The Doctor Who fandom, prior to her eventual return, frequently requested the return of the Rani, who was considered a popular fan-favorite due to O'Mara's performance. The Rani would become a catch-all guess whenever a mysterious female character was presented, with viewers speculating that characters such as River Song, Missy and others were secretly the Rani. This would end up becoming a recurring joke within the fandom due to how common this point of speculation was. This joke has been acknowledged by members of the production team, who would often acknowledge that the Rani was the first guess for the identity of any potential returning character.

Whitbrook, in another piece for Gizmodo, praised the Rani's reveal in "The Interstellar Song Contest" as being a particularly good twist that fit the "camp" nature of her character, though he believed that Mrs.
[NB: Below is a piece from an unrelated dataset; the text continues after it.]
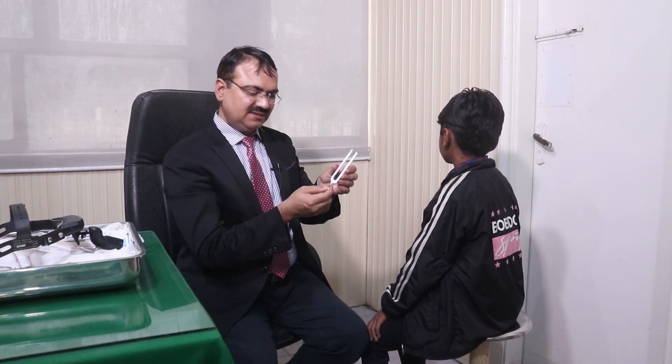This is the tuning fork test we want to perform on the patient. We are using 512 Hertz. We have to perform the test on both sides — the right side and the left side — and we have to compare. We will do Rinne, Weber, and ABC tests.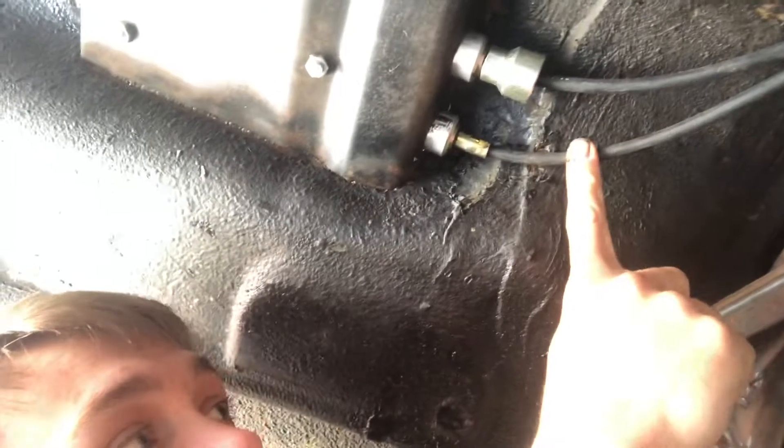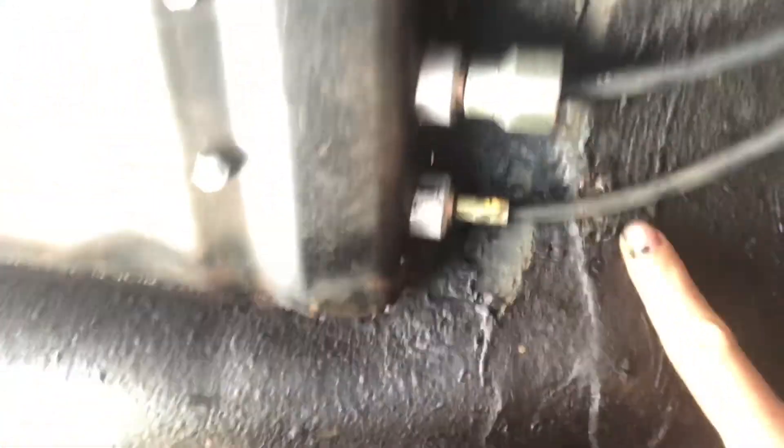We're gonna tack weld all these in so all of the nuts stay there — captive nuts, that's it. Then grind all that down, seam seal around the edge of there just to make it look a little bit smoother. We've got to take this gear cable back out.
Flood becoming subservient to Panjabi's incarnation felt odd. Ryan Woodrow of Newsweek also praised the Rani's return, positively highlighting her presence in the episode. However, Evans worried that the Rani's return would detract from her character and make her focus too much on the Doctor, which Evans felt would miss the point of the character's amoral, scientific mindset. Critics for the subsequent episode "Wish World" criticised the usage of her character in the episode, with some finding her in-universe plans to be nonsensical; Robert Anderson from IGN felt she was an example of the episode being too reliant on fan service,' while GamesRadar+'s Will Salmon felt her characterisation was similar to that of the Master.